The translators interpolate their own detail when they think the reader might require it. It’s done too often; readers aren’t stupid. Interpolating translators’ guesses about the author’s meaning, particularly when those guesses are wrong, is a serious problem. Other errors are simply sloppy. An example from Chapter 1 is illustrative. Jago is speaking to Eliot:

“Somehow one’s dreadfully vulnerable through those one loves.”  Suddenly he smiled at me with great kindness. “You know that as well as anyone alive, Eliot. l felt it when you let me meet your wife. When she’s better, you must ask me to Chelsea again.You know how much I enjoyed it. She’s gone through too much, hasn’t she?”
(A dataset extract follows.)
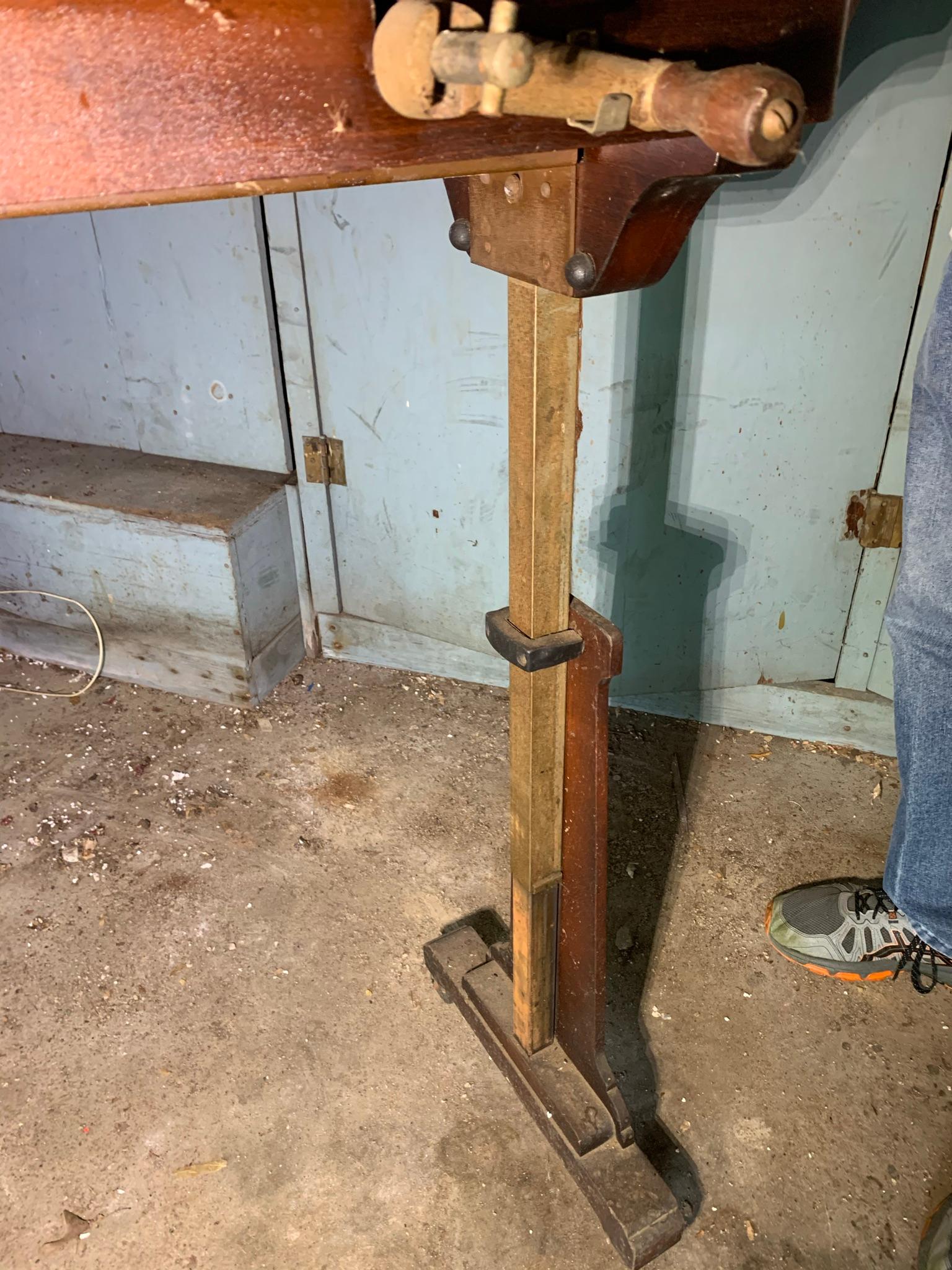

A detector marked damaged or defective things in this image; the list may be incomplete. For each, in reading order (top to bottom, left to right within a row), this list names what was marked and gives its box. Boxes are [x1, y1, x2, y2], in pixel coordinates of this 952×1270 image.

The translation is: ”不知怎的, 一个人因为他爱的人而容易脆弱极了。“ 他忽然非常友好地对我笑了。“你我一样都是有血有肉的人任何人都知道这是怎么会事,埃利奥特,当你把我介绍给你的夫人时,我就有了这种感觉。在她身体好些的时候,你可要再请我到车尔西去啊。你知道我是多么高兴到你家做客呀!她招待我们吃得太丰富了,不是吗?“

My back-translation from the Chinese translation of “She’s gone through too much, hasn’t she?” is: “She entertained us with such sumptuous food, didn’t she?” “She’s gone through too much” is not the same as “She’s gone to so much (trouble)”. The phrase “She’s gone through too much” means that she has suffered much more than she should have in her life and/or sickness. It certainly doesn’t mean anything about presenting food to guests. It’s an understandable error, but not the work of a translator Snow deserved. Oops.

When you “let” me meet your wife, is also a stronger statement than when you “introduced” me to your wife, which the translation doesn’t capture. It fails also to capture the past tense “enjoyed”.